■ AIM OF THE TASK: Exercise in exact copying: restate word for word only the lines below from the one containing "Softstyle CVC Youth T-Shirt RED MIST BACK" through the one containing "Eldo Glen blocked basin cleaning", omitting any pictures.
BEGIN WORKING DATA
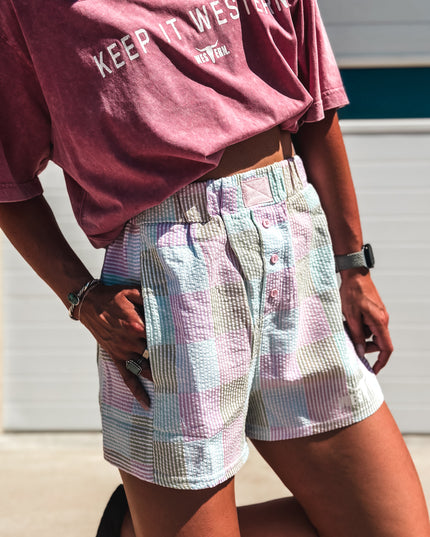 Brand Remix Boxer Shorts - Mix Checker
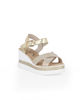 Immagine di MISS GLOBO - Sandalo beige con sottopiede in VERA PELLE e cinturini incrociati, tacco 7CM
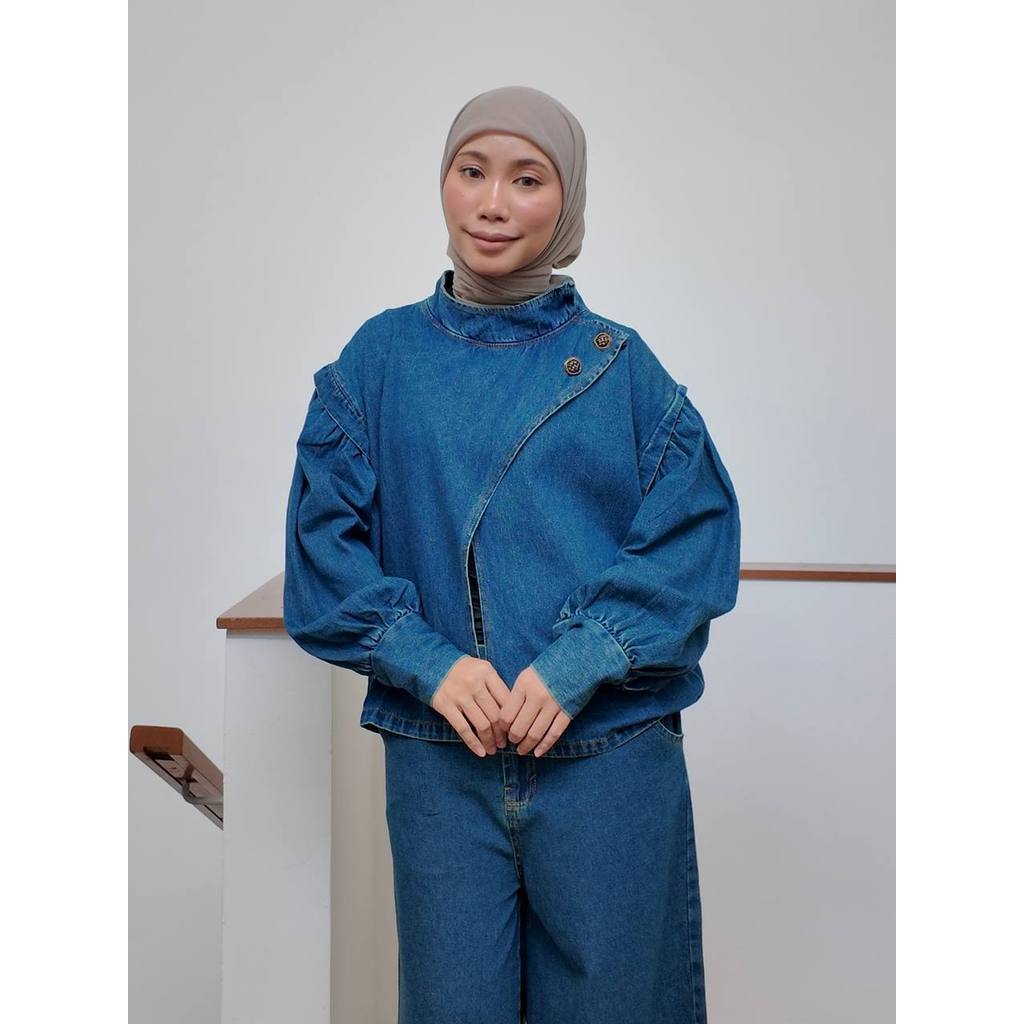 NURA SET PETIKITA KASUAL-MEDIUM BLUE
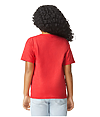 Softstyle CVC Youth T-Shirt RED MIST BACK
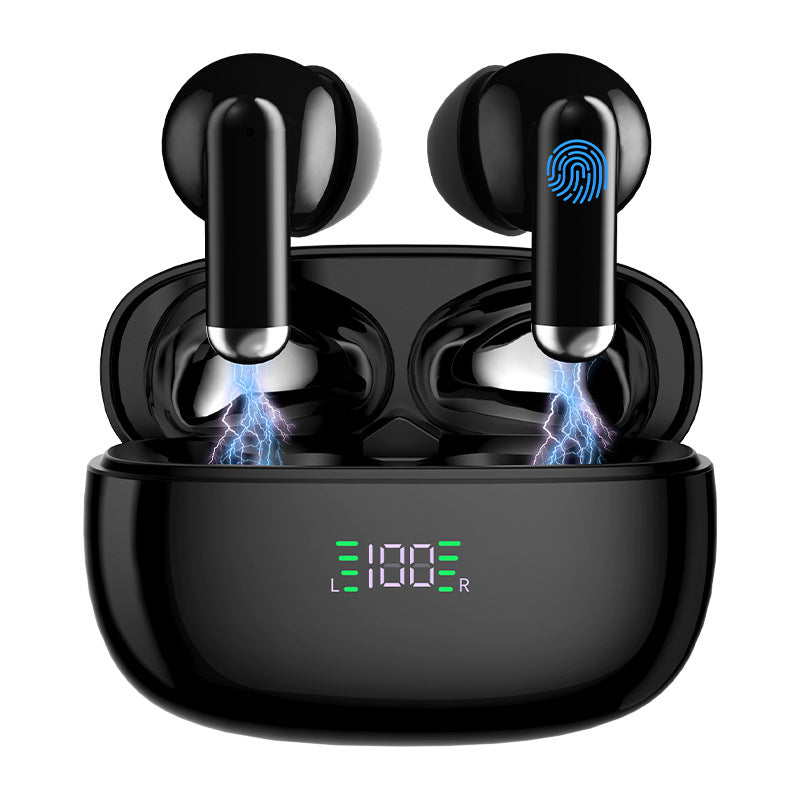 SP9X Wireless Bluetooth Earphones with Noise Reduction & Digital Display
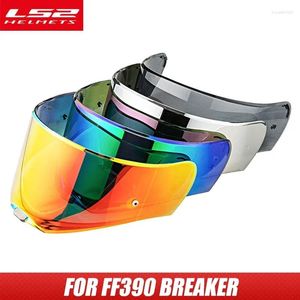 Motosiklet Kaskları LS2 FF390 Kırıcı Tam Yüz Kask lens Sadece FOG Film Delikleri ile Ekstra Visor Sadece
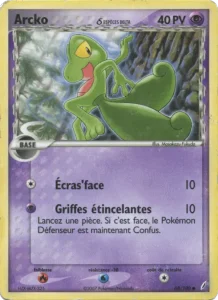 Carte Pokemon Arcko δ 68/100 EX Gardiens de Cristal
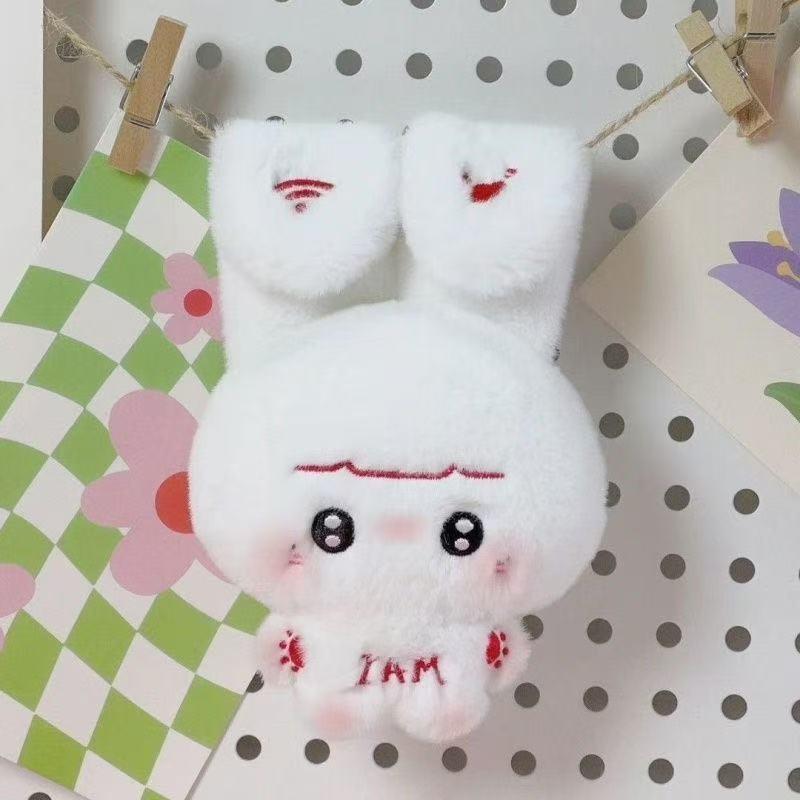 Söt Tecknad Plysch Liten Kanin Nyckelring Kawaii Kanin Gosedjursdocka Ryggsäcksberlock Dekorativa Bilnyckelring Tillbehör Gåva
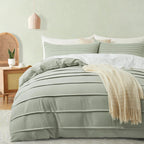 Oli Anderson Pleated Duvet Cover - 3 Piece Set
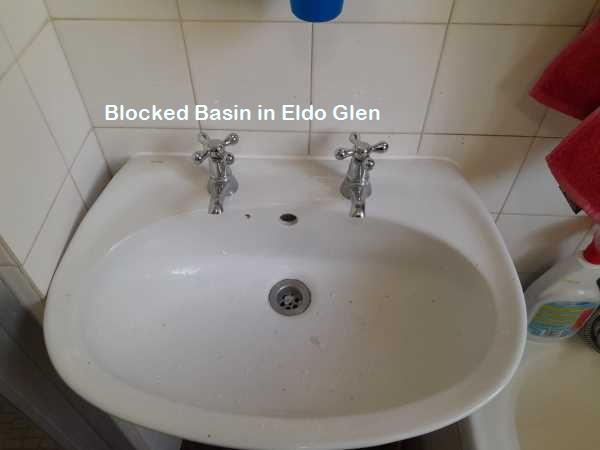 Eldo Glen blocked basin cleaning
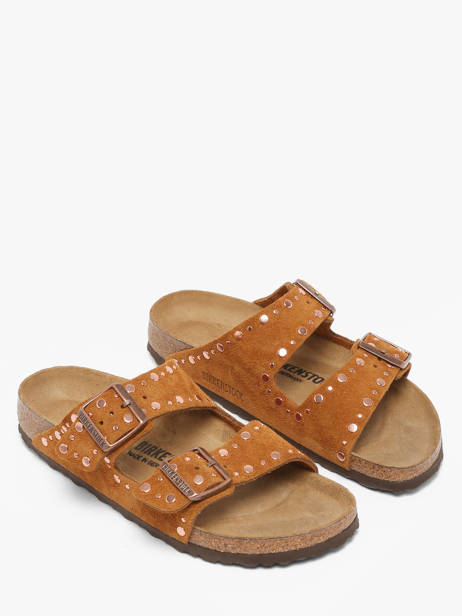 Mules En Cuir Birkenstock Marron women 1031731 vue secondaire 1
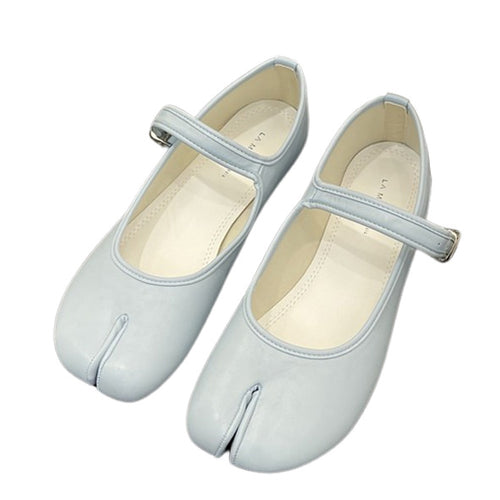 Boogzel Apparel French Girl Split-Toe Tabi Ballet Flats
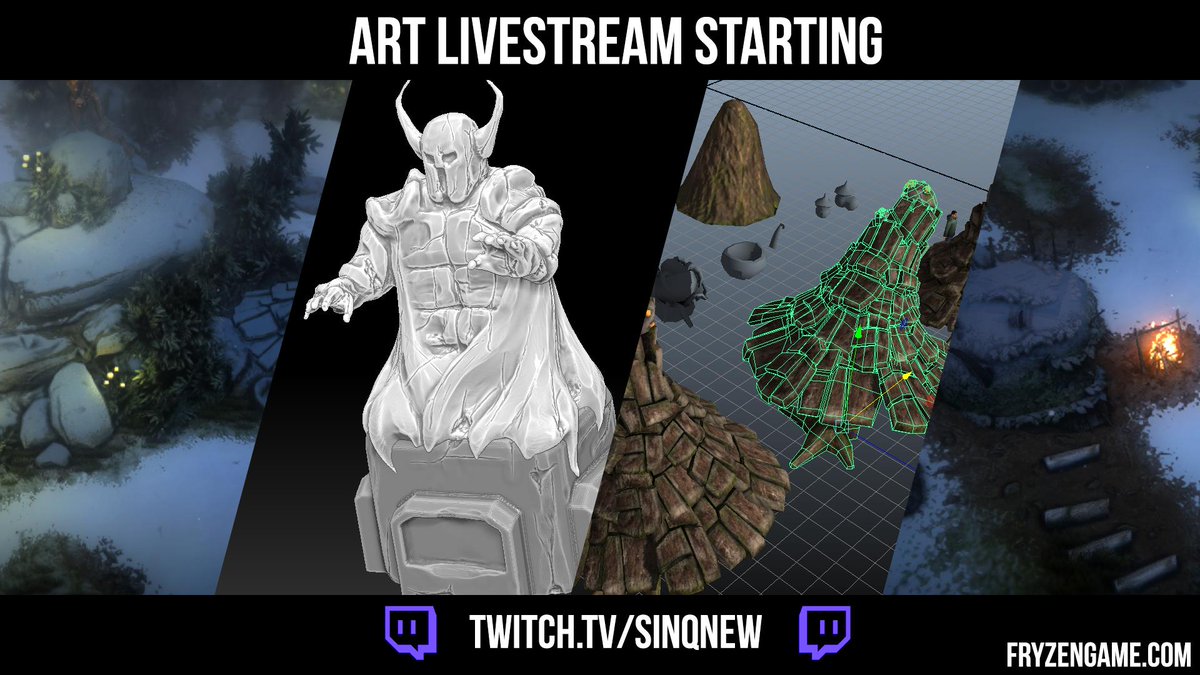 Sinqnew's tweet photo. LIVE! Painting | Sketching | http://t.co/sWEdvCg9yG    | #twitch #gamedev  #indiegame #gamedev @Allegorithmic http://t.co/RTUlBChuUo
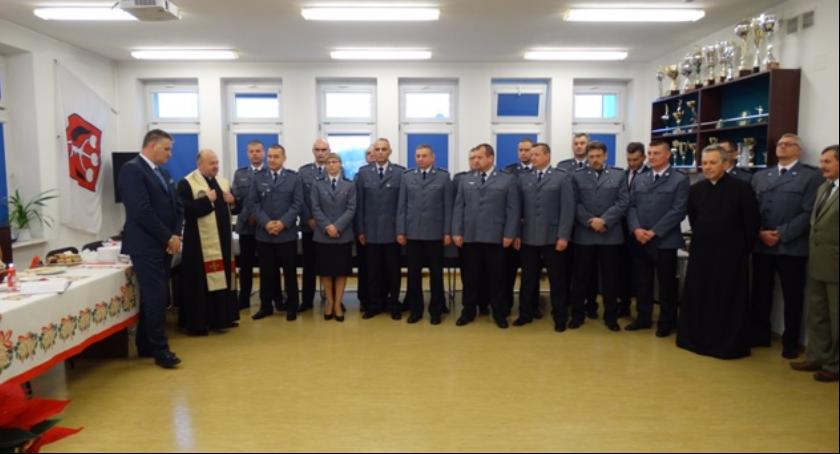 Spotkanie wigilijne w Komendzie Powiatowej Policji w Garwolinie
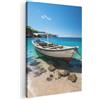 MuchoWow© Quadri Grandi Dimensioni Quadretti Da Parete Moderno Camera Da | 40x60 cm - Letto Foto Su Tela Soggiorno Con Cornice DecorazioniBarca - Acqua - Stile Marino - Montagne - Natura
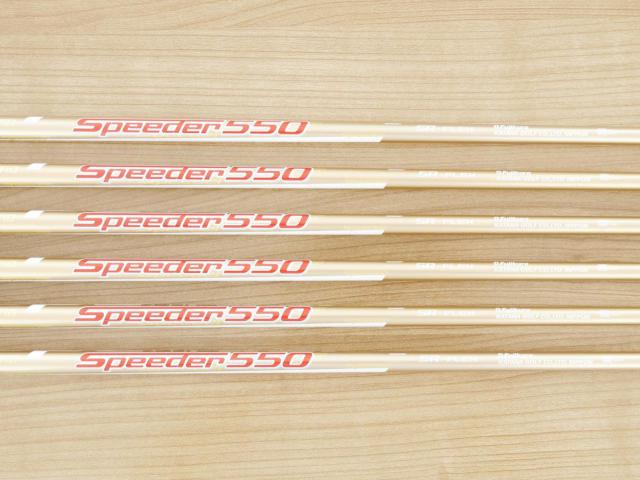 Iron set : Katana : ชุดเหล็ก Katana Voltio Model J Gold (ปี 2018 หน้าเด้ง ตีง่าย ไกล) มีเหล็ก 5-Pw (6 ชิ้น) ก้านกราไฟต์ Fujikura Speeder 550 Flex SR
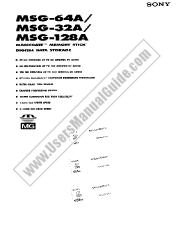 Voir MSG-128A pdf Spécifications de marketing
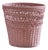 Mid-20th Century Bubble Gum Pink Wicker Wastebasket For Sale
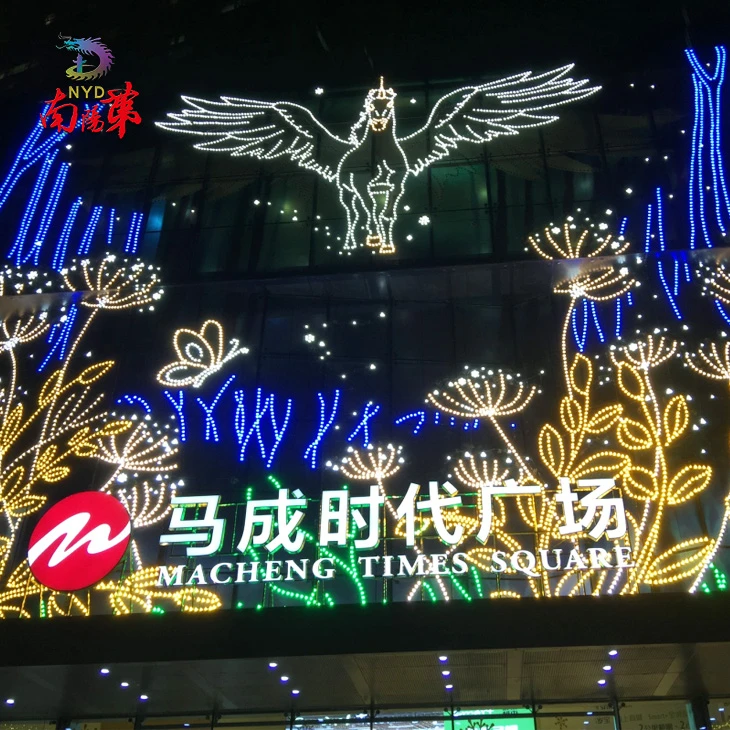 2D Street Motif Light For Project factory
END WORKING DATA
■ WRITTEN SOLUTION:
 Softstyle CVC Youth T-Shirt RED MIST BACK
 SP9X Wireless Bluetooth Earphones with Noise Reduction & Digital Display
 Motosiklet Kaskları LS2 FF390 Kırıcı Tam Yüz Kask lens Sadece FOG Film Delikleri ile Ekstra Visor Sadece
 Carte Pokemon Arcko δ 68/100 EX Gardiens de Cristal
 Söt Tecknad Plysch Liten Kanin Nyckelring Kawaii Kanin Gosedjursdocka Ryggsäcksberlock Dekorativa Bilnyckelring Tillbehör Gåva
 Oli Anderson Pleated Duvet Cover - 3 Piece Set
 Eldo Glen blocked basin cleaning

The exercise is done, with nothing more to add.